§ ACTIVITY:
What needs reproducing is the run of lines in the data below starting at the line with "Munatas Men's Shoes Neutral Beige" and ending at the line with "Used 2025 Hyundai Ioniq 5 SEL image 17", both ends included. Copy it exactly, without pictures, and add nothing.

§ PROVIDED MATERIAL:
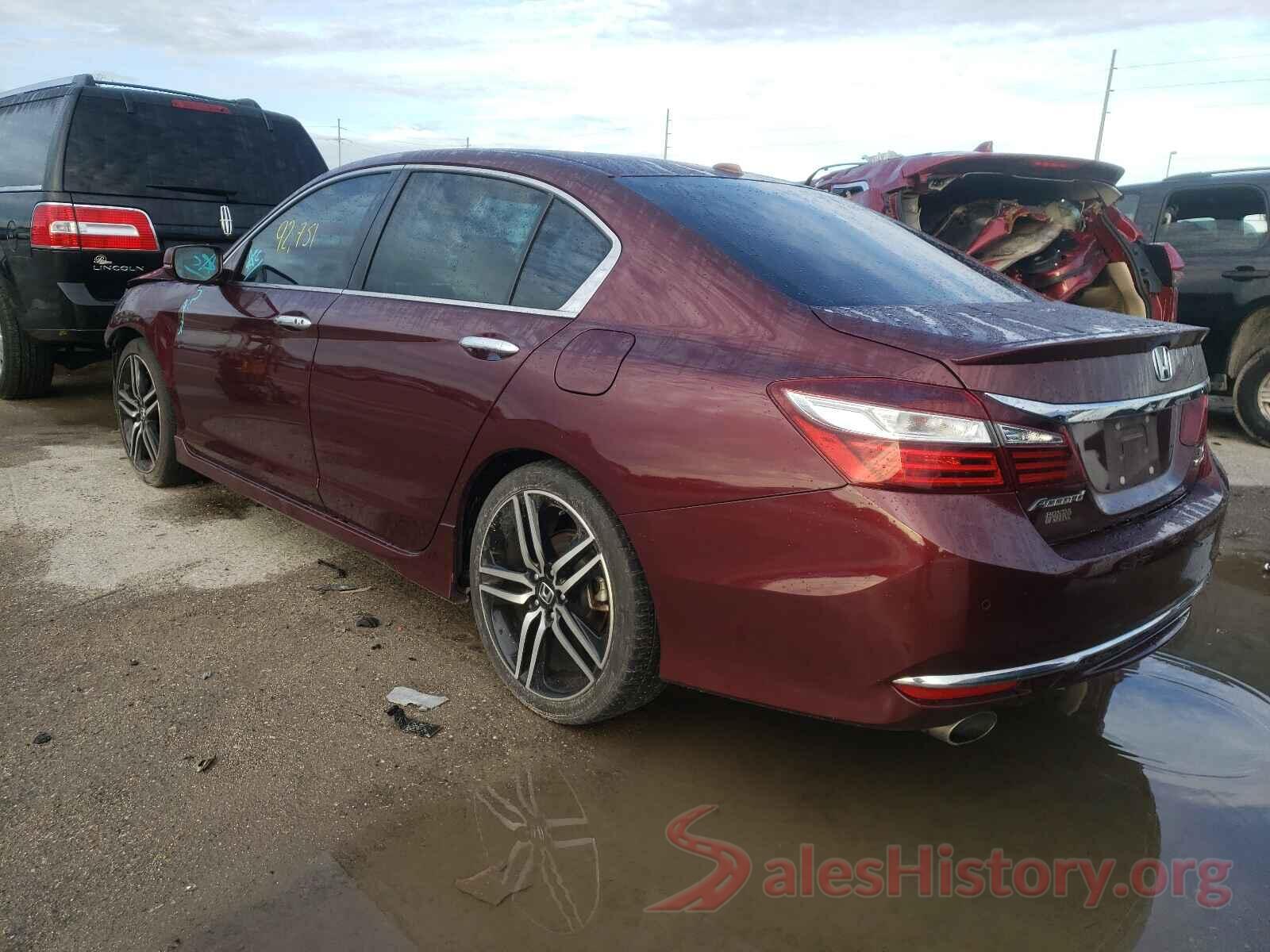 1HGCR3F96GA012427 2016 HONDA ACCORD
* * *
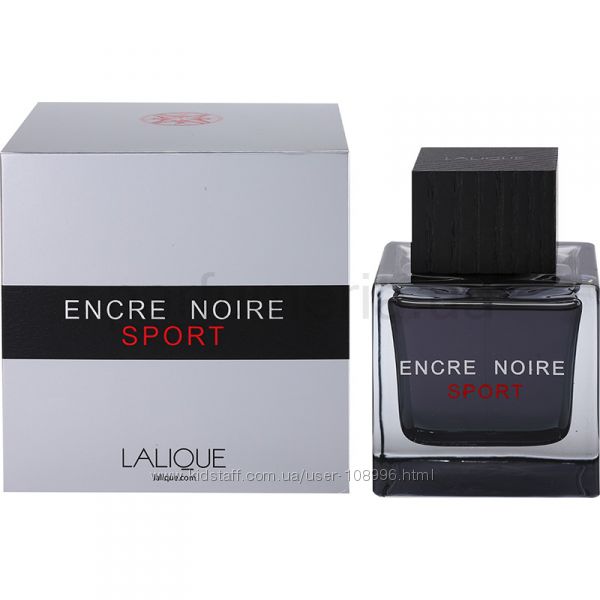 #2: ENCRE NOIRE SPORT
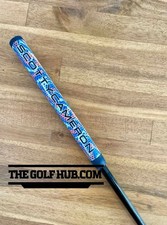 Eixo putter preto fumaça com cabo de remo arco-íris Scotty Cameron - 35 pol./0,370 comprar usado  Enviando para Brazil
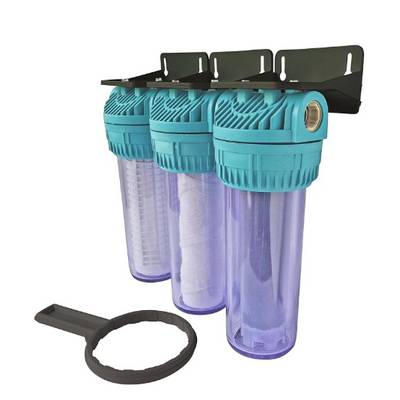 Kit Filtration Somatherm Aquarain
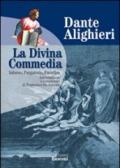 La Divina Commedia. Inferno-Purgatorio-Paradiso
==
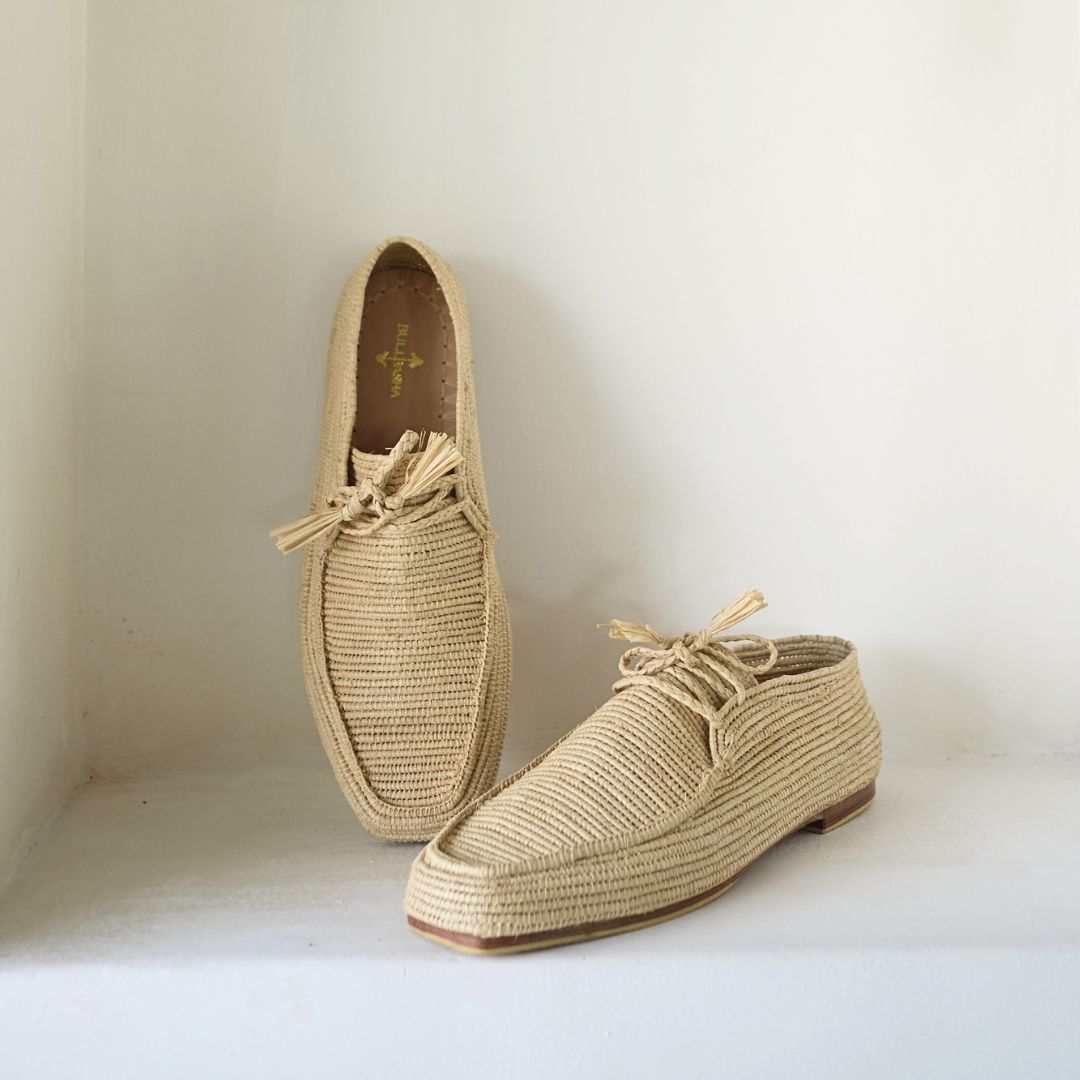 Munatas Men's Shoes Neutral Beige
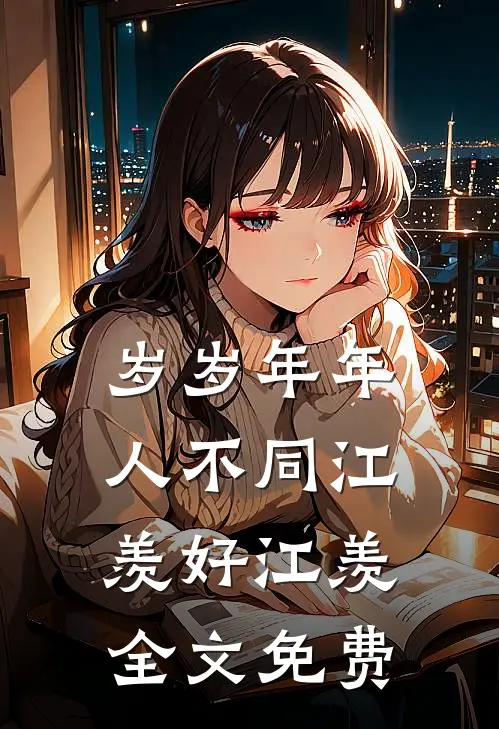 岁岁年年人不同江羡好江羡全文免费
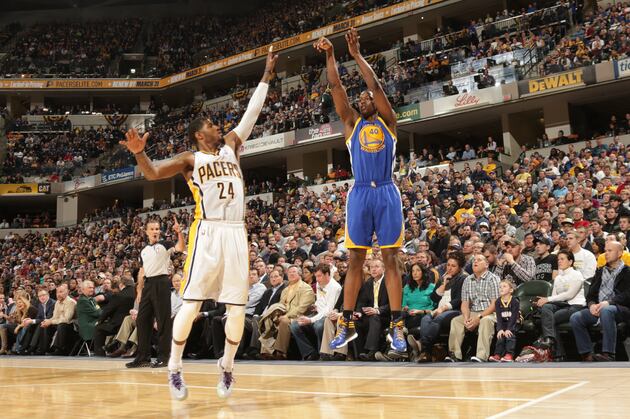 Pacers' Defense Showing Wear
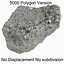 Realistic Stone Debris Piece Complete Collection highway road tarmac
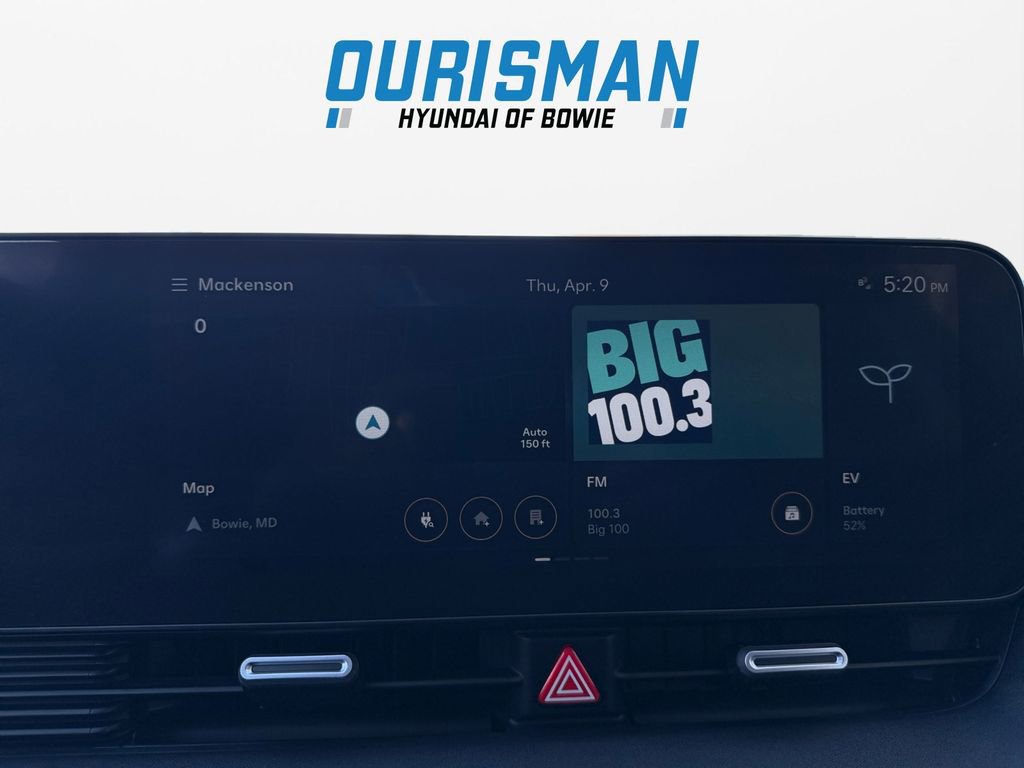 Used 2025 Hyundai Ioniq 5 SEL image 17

§ RESULT OF THIS TASK:
 Munatas Men's Shoes Neutral Beige
 岁岁年年人不同江羡好江羡全文免费
 Pacers' Defense Showing Wear
 Realistic Stone Debris Piece Complete Collection highway road tarmac
 Used 2025 Hyundai Ioniq 5 SEL image 17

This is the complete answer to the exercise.